* _Study material_
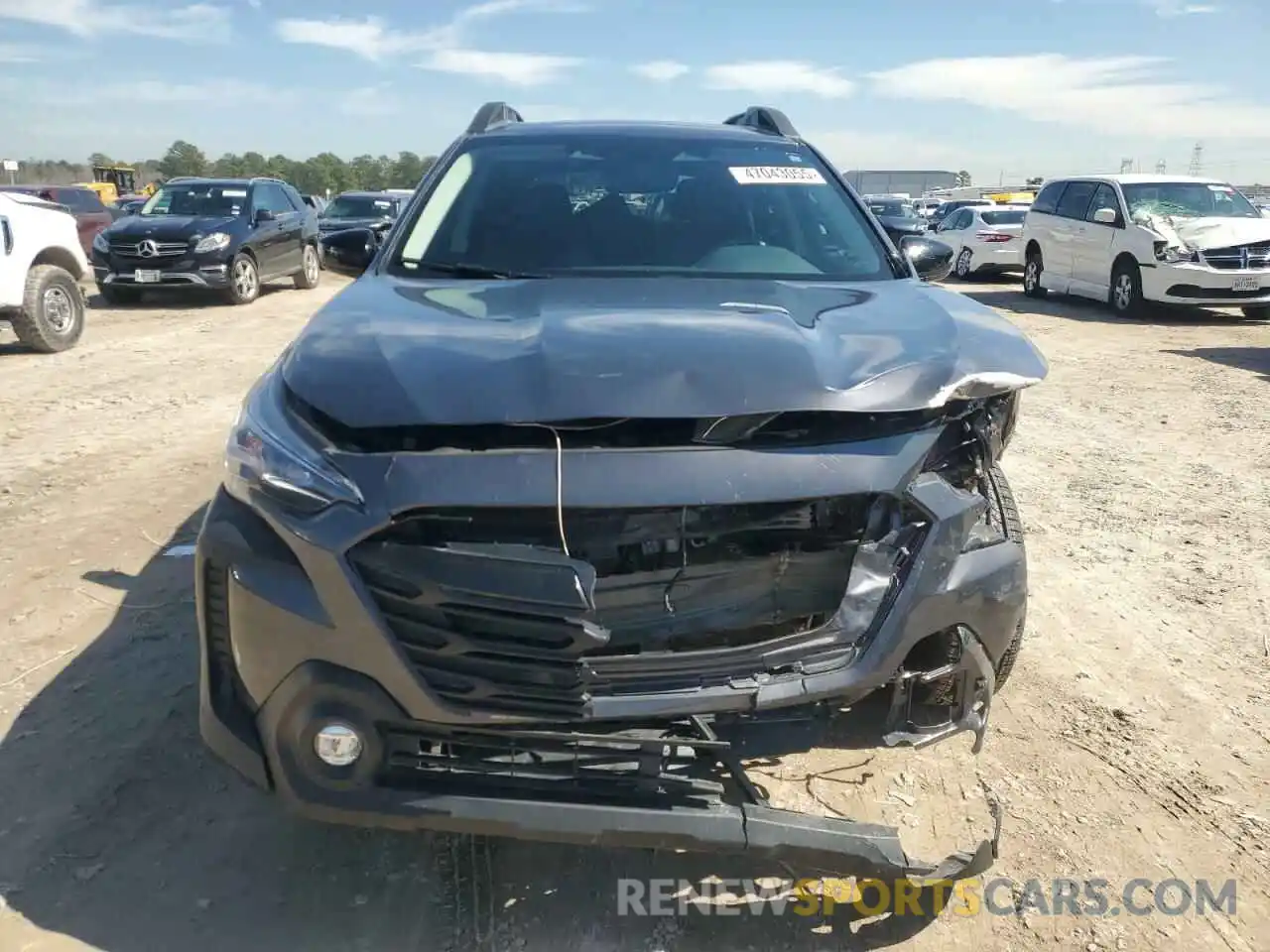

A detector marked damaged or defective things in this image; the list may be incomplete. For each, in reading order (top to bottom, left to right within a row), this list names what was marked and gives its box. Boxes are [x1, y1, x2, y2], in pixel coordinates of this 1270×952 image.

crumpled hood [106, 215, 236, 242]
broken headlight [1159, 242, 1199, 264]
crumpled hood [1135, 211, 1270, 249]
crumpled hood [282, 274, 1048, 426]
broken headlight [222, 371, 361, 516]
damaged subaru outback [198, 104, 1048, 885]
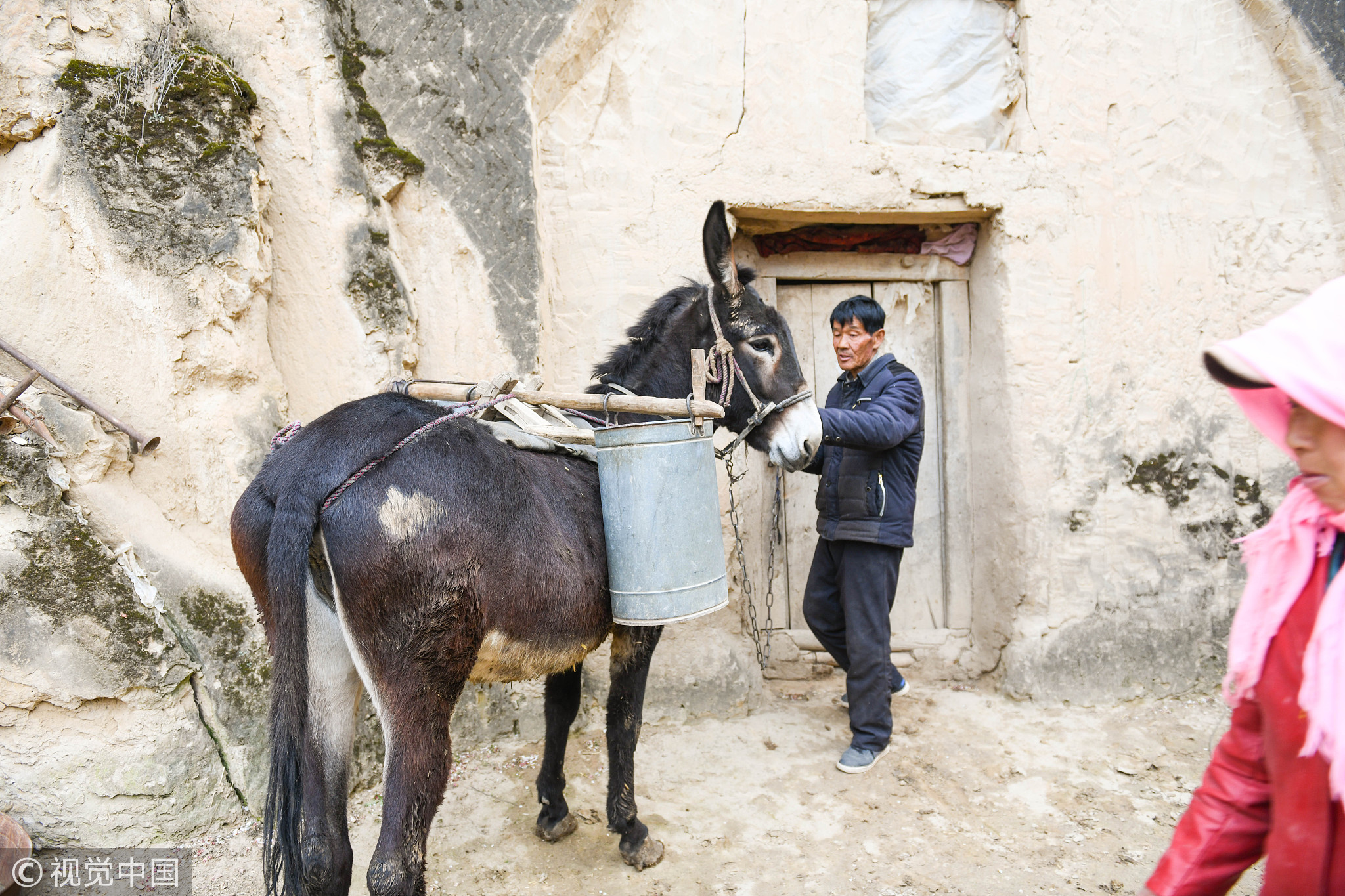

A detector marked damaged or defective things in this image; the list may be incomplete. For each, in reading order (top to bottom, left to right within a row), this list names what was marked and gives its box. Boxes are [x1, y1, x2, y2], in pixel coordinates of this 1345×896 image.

* _Directions_
The full data, repeated exactly and stripped of its pictures, is the expected answer.

* _Written response_
A detector marked damaged or defective things in this image; the list may be incomplete. For each, in reading order (top to bottom, left to right within a row), this list names what was marked and gives its box. Boxes are [x1, y1, x2, y2], in pixel coordinates of this 1270×952 image.

crumpled hood [106, 215, 236, 242]
broken headlight [1159, 242, 1199, 264]
crumpled hood [1135, 211, 1270, 249]
crumpled hood [282, 274, 1048, 426]
broken headlight [222, 371, 361, 516]
damaged subaru outback [198, 104, 1048, 885]

A detector marked damaged or defective things in this image; the list may be incomplete. For each, in reading order (top to bottom, left to right within a row), this list names what was marked and gives its box. Boxes are [x1, y1, x2, y2], in pixel coordinates of this 1345×896 image.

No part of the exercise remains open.